ある80歳代のおばあちゃん。娘一家と同じ屋根の下に暮らしている。物忘れが進み、最近では食べたことすらすぐに忘れてしまう。それでも、明るくて面倒見のいいおばあちゃんはみんなの人気者だ。今年、年女。

そんなおばあちゃんの大好物は餅。誤嚥性肺炎で何度か入院したことのあるおばあちゃんにとって、餅は最も危険な食べ物のひとつ。周囲の心配をよそに、おばあちゃんは上手に餅を食べる。多い日には10個を平気で平らげてしまう。

おばあちゃんにはもうひとつ厄介な持病があった。それは糖尿病。この時期、血糖値が上がる。家族が餅を隠しても、おばあちゃんはすぐに見付けて焼いて食べる。焼いていることを忘れ、餅を焦がしてしまうこともしばしば。おばあちゃんは丁寧に手で焦げた部分をはがして食べる。その姿は、失礼ながら今年の干支を連想させ、何とも愛らしい。

ある日のこと。台所に煙が充満しているのをたまたま冬休みで家に居た孫が発見し、事なきを得た。普段は穏やかな娘もこの時ばかりは怒り心頭。家にあった餅をすべて近所や親しい人に配り、おばあちゃんには「餅は腐ってしまったので、全部捨てたよ!」と冷たく言い放った。

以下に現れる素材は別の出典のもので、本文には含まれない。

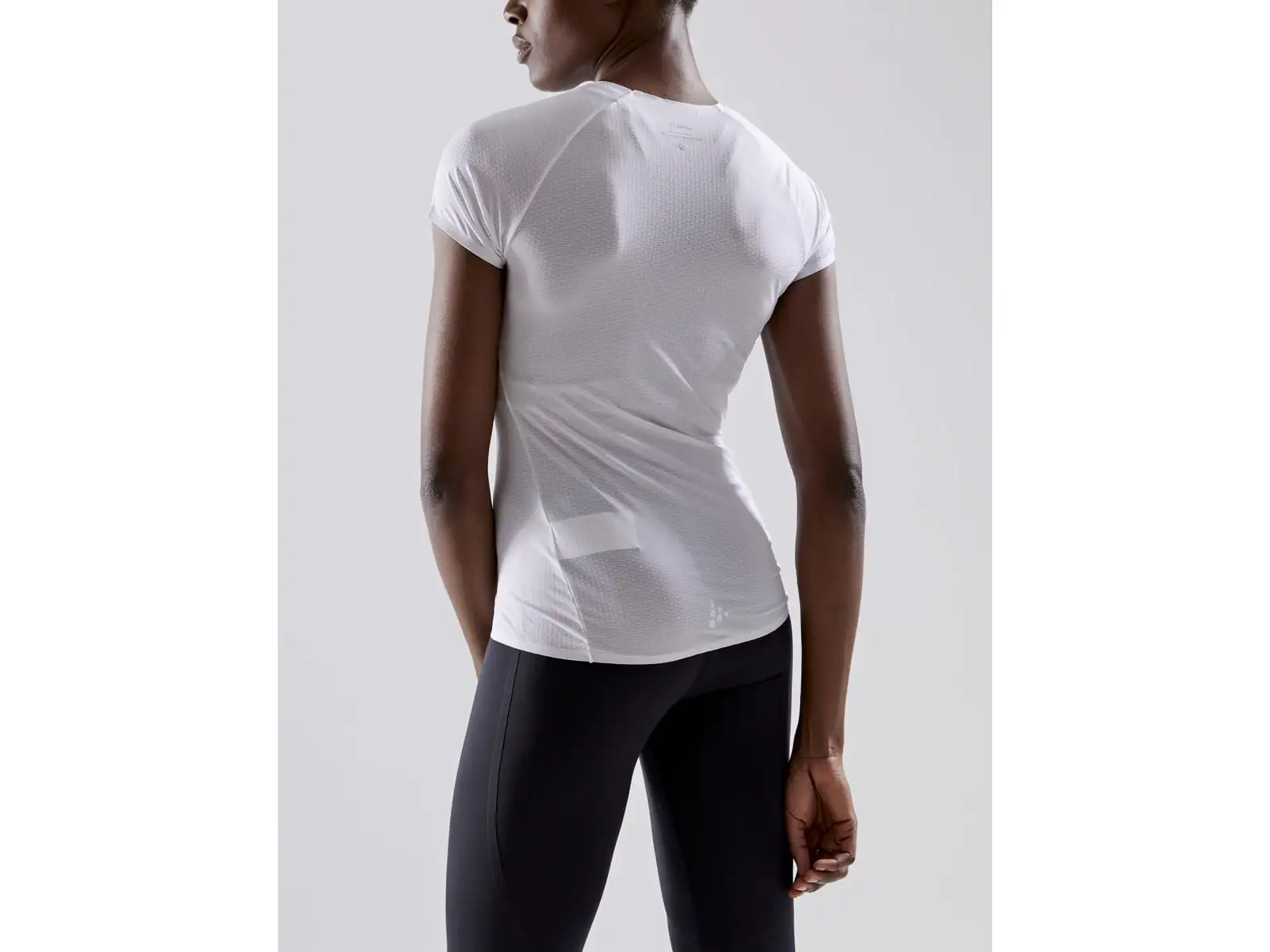 Craft Pro Dry Nanoweight women's shirt short sleeve white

おばあちゃんは一晩中、餅を腐らせた(?)ことを悔やんだ。

次の日の朝、デイサービスの送迎車がおばあちゃんを迎えに来た。娘が小さな折箱を携え、「いつもお世話になります。皆さんで食べてください」とスタッフに手渡そうとしたところ、そばにいたおばあちゃんは感じるものがあったのか、その中身をチェック。餅であることがわかると「これは腐っとるけえ食べちゃいけんよ!」としきりにアピール。戸惑うスタッフに娘は何と言い訳をすればいいのやら、苦笑いでごまかすのがやっとだった。

「どうしてこんなことだけしっかり覚えているんでしょう。大抵のことはすぐに忘れてしまうのに。ショッキングな出来事は心に残るものなんですね」。反省を込めたその言葉から、認知症の母親を気遣う娘の複雑な心情が伝わってくる。